Capiam sighed. He was not at all happy with a discussion that he had hoped to put off until he had completed a plan of action. People were less apt to panic if they were presented with a course of action. He had nearly completed his computations for the amount of vaccine needed, the number of dragonriders (and he had to assume they wanted to avoid a repetition of the plague as much as he) needed to distribute the vaccine, and the halls and holds where it would be administered. The confrontation had been precipitated by apprentice gossiping: speculations about why healers were still asking for blood donations for more serum when the reported cases of the "flu" were dropping and why the internment camp had not been struck.

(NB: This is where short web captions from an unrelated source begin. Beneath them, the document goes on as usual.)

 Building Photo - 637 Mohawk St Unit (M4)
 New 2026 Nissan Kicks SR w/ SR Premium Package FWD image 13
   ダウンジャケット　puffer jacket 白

"Next one?" Tirone's voice was incredulous.

"Oh, dear me, yes," Master Fortine replied from his comer, thinking his colleague needed support. "So far we have found four distinct references to this sort of viral influence. It seems to mutate. The serum which suppresses one kind does not always have any effect on the next."

"The details would bore Master Tirone, I fear," Capiam said. No sense in fomenting total alarm. Capiam had seized on the hope that, if they could immunize everyone in the Northern continent, catching all the carriers of this type, they would be in less danger from further manifestations, the symptoms for which would now be easily recognized and speedily dealt with.

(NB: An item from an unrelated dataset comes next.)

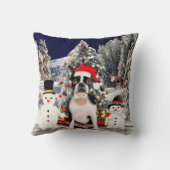 雪のクリスマスハットライトでボストンテリア犬 クッション (裏面)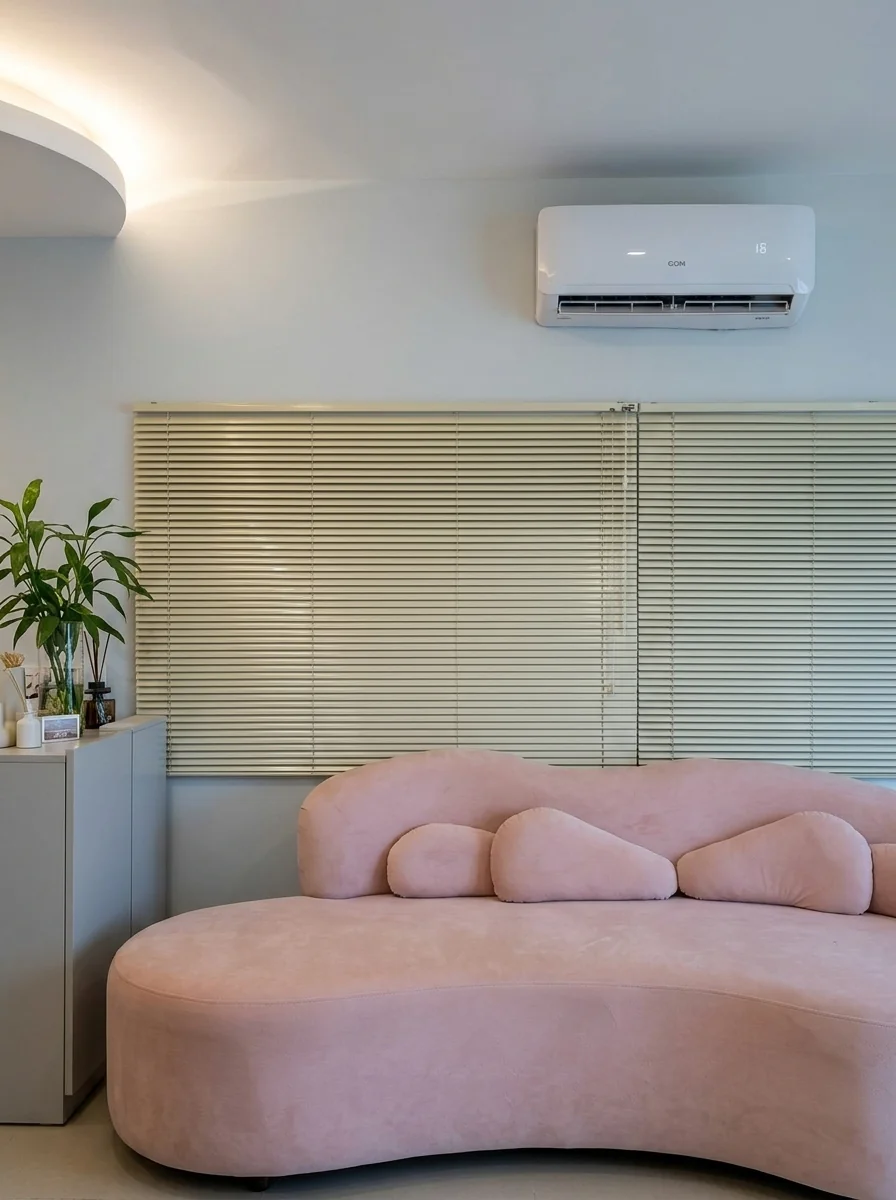 Persiana horizontal de alumínio bege em recepção de clínica com sofá rosa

"I am less bored by details than you might imagine," Tirone said. He strode forward, pulled out the chair at Capiam's desk, and seated himself, folding his arms across his chest in an aggressive fashion. He stared pointedly at Capiam. "Acquaint me with the details."

Capiam scratched at the back of his neck, a habit he had recently acquired and that he deplored in himself.

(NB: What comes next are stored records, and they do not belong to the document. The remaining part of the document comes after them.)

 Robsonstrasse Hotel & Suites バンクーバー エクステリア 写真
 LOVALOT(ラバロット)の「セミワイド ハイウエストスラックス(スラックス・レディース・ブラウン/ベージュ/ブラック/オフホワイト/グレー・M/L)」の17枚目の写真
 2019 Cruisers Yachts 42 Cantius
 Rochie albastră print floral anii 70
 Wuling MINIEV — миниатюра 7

"You know that we looked back into the Records to find mention of the viral influence . . ."

"Yes. Stupid name."

"Descriptive, however. We found four separate references to such 'flus' as periodic scourges before the Crossing. Even before the First Crossing."

"Let us not get into politics."

Capiam opened his eyes in mild reproof. "I'm not. But I always thought you were of the Two-Crossings school of thought and the language in the texts supports that theory. Suffice to say," Capiam hurried on as Tirone twitched his eyebrows in growing irritation, "our ancestors also carried with them certain bacteria and viruses which were ineradicable."

"Indeed they were, but they are necessary to the proper function of our bodies and the internal economy of the animals brought on both Crossings," Master Fortine said in earnest support of his colleague.